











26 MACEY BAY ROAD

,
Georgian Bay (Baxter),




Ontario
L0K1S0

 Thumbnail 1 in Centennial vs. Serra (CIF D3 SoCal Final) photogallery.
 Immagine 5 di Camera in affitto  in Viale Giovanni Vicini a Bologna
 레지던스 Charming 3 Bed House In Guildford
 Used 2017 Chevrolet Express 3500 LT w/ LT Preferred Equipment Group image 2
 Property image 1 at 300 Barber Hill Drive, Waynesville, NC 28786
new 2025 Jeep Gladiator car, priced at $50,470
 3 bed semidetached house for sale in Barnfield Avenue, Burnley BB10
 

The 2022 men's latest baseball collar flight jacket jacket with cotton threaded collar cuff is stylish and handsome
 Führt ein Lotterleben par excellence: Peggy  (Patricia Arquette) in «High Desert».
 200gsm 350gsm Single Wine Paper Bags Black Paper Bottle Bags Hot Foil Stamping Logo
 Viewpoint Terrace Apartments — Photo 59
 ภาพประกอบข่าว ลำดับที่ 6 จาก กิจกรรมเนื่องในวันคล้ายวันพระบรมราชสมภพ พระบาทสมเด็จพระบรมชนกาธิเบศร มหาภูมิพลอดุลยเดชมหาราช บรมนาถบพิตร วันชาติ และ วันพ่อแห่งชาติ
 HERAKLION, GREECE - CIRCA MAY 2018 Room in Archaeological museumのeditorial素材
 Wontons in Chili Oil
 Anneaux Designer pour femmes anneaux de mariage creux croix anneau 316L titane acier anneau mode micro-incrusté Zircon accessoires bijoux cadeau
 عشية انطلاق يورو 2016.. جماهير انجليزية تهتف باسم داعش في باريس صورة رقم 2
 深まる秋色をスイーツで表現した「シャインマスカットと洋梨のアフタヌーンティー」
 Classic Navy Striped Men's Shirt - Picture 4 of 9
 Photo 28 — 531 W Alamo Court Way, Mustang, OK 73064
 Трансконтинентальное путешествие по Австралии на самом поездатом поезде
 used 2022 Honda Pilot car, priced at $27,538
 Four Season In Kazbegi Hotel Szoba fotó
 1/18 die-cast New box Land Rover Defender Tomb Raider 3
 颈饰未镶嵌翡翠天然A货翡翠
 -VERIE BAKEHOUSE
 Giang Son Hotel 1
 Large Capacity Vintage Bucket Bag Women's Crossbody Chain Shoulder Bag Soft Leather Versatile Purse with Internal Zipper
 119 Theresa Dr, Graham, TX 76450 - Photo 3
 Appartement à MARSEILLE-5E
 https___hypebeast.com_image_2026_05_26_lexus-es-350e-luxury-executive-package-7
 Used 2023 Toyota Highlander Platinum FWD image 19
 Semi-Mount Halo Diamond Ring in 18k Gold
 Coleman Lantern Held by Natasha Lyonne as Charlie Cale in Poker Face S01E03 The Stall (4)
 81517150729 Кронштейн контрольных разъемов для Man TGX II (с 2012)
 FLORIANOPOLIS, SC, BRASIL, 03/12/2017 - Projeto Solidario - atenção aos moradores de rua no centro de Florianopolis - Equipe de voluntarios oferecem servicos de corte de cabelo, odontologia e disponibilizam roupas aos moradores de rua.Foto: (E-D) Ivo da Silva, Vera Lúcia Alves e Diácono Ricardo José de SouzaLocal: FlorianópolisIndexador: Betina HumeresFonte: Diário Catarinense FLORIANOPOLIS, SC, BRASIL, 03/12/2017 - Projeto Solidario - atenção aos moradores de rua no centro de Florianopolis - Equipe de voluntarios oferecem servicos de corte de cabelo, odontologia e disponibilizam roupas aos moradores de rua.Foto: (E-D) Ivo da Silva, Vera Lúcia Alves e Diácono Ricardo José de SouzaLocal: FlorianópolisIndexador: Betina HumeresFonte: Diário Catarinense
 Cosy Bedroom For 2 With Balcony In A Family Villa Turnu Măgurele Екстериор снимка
----------
### WHAT YOU ARE ASKED TO DO
Set down the lines above as they stand, starting with the first line and ending with the line that contains "Classic Navy Striped".

### SOLUTION FOR THIS PROBLEM
26 MACEY BAY ROAD

,
Georgian Bay (Baxter),




Ontario
L0K1S0

 Thumbnail 1 in Centennial vs. Serra (CIF D3 SoCal Final) photogallery.
 Immagine 5 di Camera in affitto  in Viale Giovanni Vicini a Bologna
 레지던스 Charming 3 Bed House In Guildford
 Used 2017 Chevrolet Express 3500 LT w/ LT Preferred Equipment Group image 2
 Property image 1 at 300 Barber Hill Drive, Waynesville, NC 28786
new 2025 Jeep Gladiator car, priced at $50,470
 3 bed semidetached house for sale in Barnfield Avenue, Burnley BB10
 

The 2022 men's latest baseball collar flight jacket jacket with cotton threaded collar cuff is stylish and handsome
 Führt ein Lotterleben par excellence: Peggy  (Patricia Arquette) in «High Desert».
 200gsm 350gsm Single Wine Paper Bags Black Paper Bottle Bags Hot Foil Stamping Logo
 Viewpoint Terrace Apartments — Photo 59
 ภาพประกอบข่าว ลำดับที่ 6 จาก กิจกรรมเนื่องในวันคล้ายวันพระบรมราชสมภพ พระบาทสมเด็จพระบรมชนกาธิเบศร มหาภูมิพลอดุลยเดชมหาราช บรมนาถบพิตร วันชาติ และ วันพ่อแห่งชาติ
 HERAKLION, GREECE - CIRCA MAY 2018 Room in Archaeological museumのeditorial素材
 Wontons in Chili Oil
 Anneaux Designer pour femmes anneaux de mariage creux croix anneau 316L titane acier anneau mode micro-incrusté Zircon accessoires bijoux cadeau
 عشية انطلاق يورو 2016.. جماهير انجليزية تهتف باسم داعش في باريس صورة رقم 2
 深まる秋色をスイーツで表現した「シャインマスカットと洋梨のアフタヌーンティー」
 Classic Navy Striped Men's Shirt - Picture 4 of 9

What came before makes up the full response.